Pharmacists Are Moderately Satisfied with Compensation, Job Satisfaction, Survey Shows (Part 1)
When asked to rate their satisfaction with their current annual total compensation on a scale of 1 to 7 (with 1 being “not at all” and 7 being “extremely”), the average response among the 299 respondents to that question was 4.82.
Pharmacists are moderately happy with their compensation and jobs, according to the results of the 2020 Pharmacy Times® Salary and Job Satisfaction Survey.
Asked to rate their satisfaction with their annual total compensation on a scale of 1 to 7 (with 1 being “not at all” and 7 being “extremely”), the average response of the 299 respondents was 4.82.
When asked to rate their overall job satisfaction on the same scale, the average was 4.53 compared with 4.23 in 2019.
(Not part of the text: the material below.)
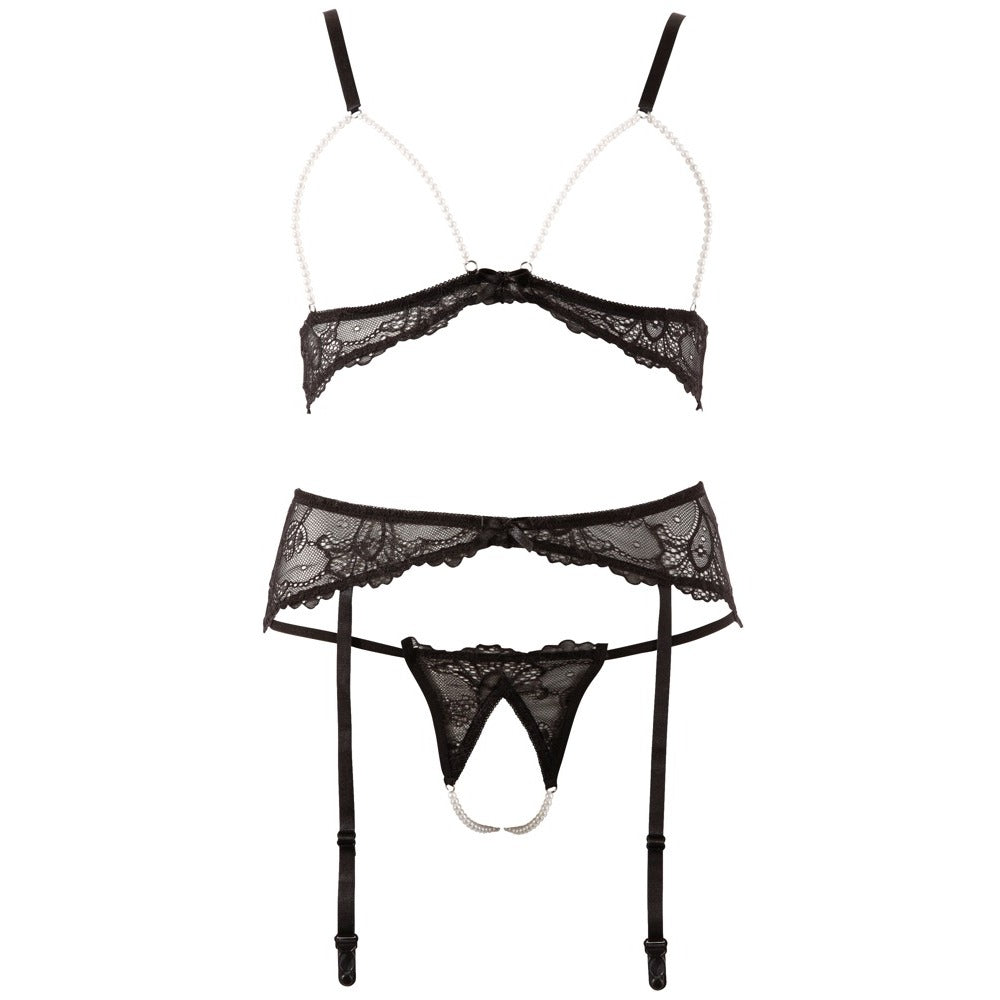 Abierta Fina Pearl Bra Suspender and String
The top 3 reasons pharmacists gave for their dissatisfaction were the same as in the 2019 survey: workload, management, and work/life balance. Respondents who said they were dissatisfied did not want to comment on the record.
The top driver of job satisfaction was colleagues, chosen by 14.6% of respondents.
John W. Seymour, RPh, an independent multi-store pharmacy owner in Charlottesville, Virginia, said that he specifically enjoys having the ability to focus on customer care and his relationships with patients.
“As an owner and operator, my entire staff enjoys the profession more than other community setting experiences,” he said in an interview.
Michelle Mikus, PharmD, vice president of pharmacy services at Delta Care Rx in Pittsburgh, Pennsylvania, has a similar experience in her health care setting, which is a pharmacist-owned and operated company working with hospice and palliative care patients.
“I feel that I have the opportunity to make a difference daily, whether it be with patients, colleagues, or other members of the interdisciplinary team at organizations we work with,” she said in an interview.
Other top reasons for job satisfaction included compensation, autonomy, and “pride in what I do.”
Carolyn Bodell, RPh, a pharmacy oncology specialist at Trinity Health in Minot, North Dakota, said she entered the pharmacy profession as a result of being around many family members and friends who had received cancer diagnoses.
“It is a very gratifying area of practice. Our patients are so grateful for everything we do for them,” she said in an interview. “Despite the fact that they are fighting for their lives, they have smiles on their faces,” Bodell said. “It is humbling to work with them and a reminder of what is important in life.”
Of the 299 survey respondents, 88.3% have been licensed pharmacists for a year or more, 93.6% are currently employed in the United States, and 91% said they earned their pharmacy degrees in the United States.
More than 35% of the respondents work in a health system setting, 31.8% work in chain community pharmacies, and 14.4% work in independent community pharmacies. These professionals are spread across the United States, including in Houston, Texas; Los Angeles, California; Philadelphia, Pennsylvania; and Tampa, Florida.
The majority (96%) of respondents were employed during their first year after graduation, most in a chain community pharmacy. Also, 66.6% of respondents said they did not receive additional compensation, such as bonuses or profit sharing within the first year, a percentage that barely changed since the 2019 survey. In addition, 57.2% of respondents said they had not received additional compensation in the past year.